People were truly shocked when Queensland Premier Annastacia Palaszczuk said: “People living in NSW, they have NSW hospitals. In Queensland we have Queensland hospitals for our people.” Ms Palaszczuk’s “people” are Australian tax-payers, as are my constituents. Section 117 of the Australian constitution is meant to ensure all Australians are treated equally by state governments (and their hospitals).

The imposition of tough closed-border measures has been intended not only to restrict, but to deter and prevent, cross-border travel. There has been little understanding for border communities and how they live.

Cross-border movements must be considered sensibly, reasonably and in a balanced way. Australians – including regional Australians – expect access to medical assistance, school and work, and where farmers have properties on either side of a state border, they should be able to access those properties.
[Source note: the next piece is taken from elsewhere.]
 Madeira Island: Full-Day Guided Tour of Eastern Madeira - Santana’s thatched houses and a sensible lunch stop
This is what Section 92 of Australia’s constitution addresses.

The schematic details of a national code for cross-border travel by agricultural workers – the Agriculture Workers Code – is due to be considered by the national cabinet this week and will provide a framework for other contested activities such as health and education.
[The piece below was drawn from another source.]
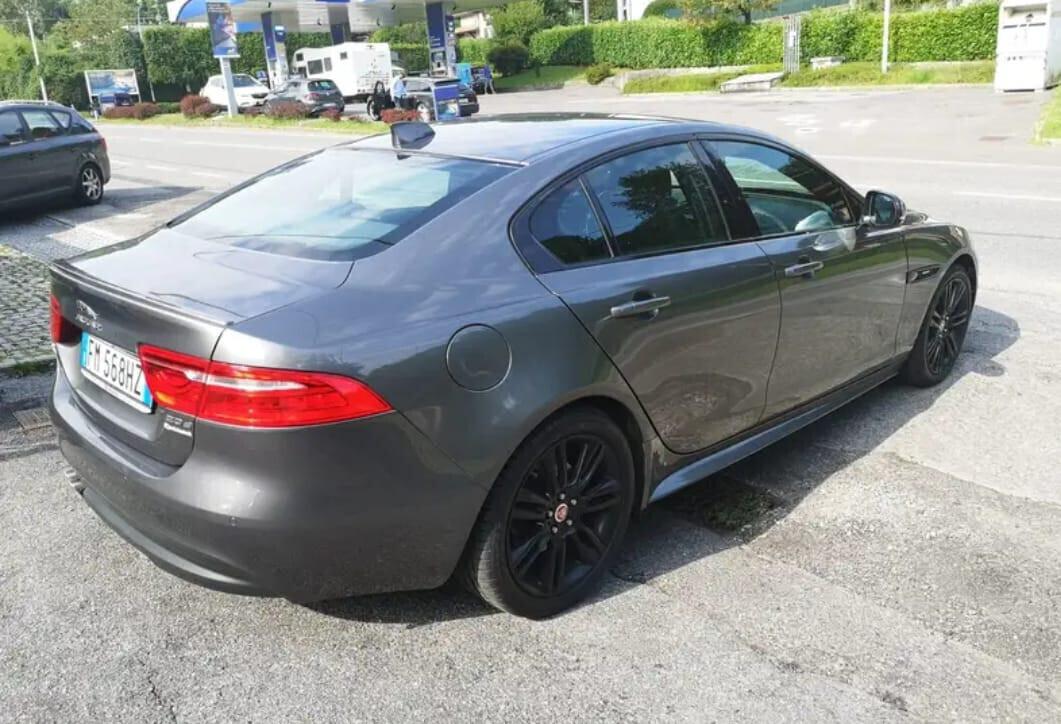 Jaguar XE 2.0 D 204 CV aut. R-Dynamic HSE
There is scope for a national health code as well as a national education code, if not a combined all-encompassing national code for borders. After certain tragic events last week, the need for national protocols for the expeditious transfer of patients from hospital in one state to hospital in another state – with minimal red tape – is now glaringly obvious.

Such steps have never been necessary before, but if we are to ‘live with’ COVID for a period of time until a vaccine is available, they will deserve careful consideration.

Where permits are mandatory to cross borders, it is reasonable for Australians to expect that their applications will be considered quickly and afforded a transparent appeals process. I think the creation of a national commissioner would be helpful to arbitrate between states proposing to close borders and to adjudicate appeals from individuals affected by those closures.

The commissioner would head a responsive and agile mechanism, considerate of the national interest, with the agreement of all states to abide by this umpire’s decisions.

The Commonwealth of Australia was not devised to be divided by borders. It was created to overcome them.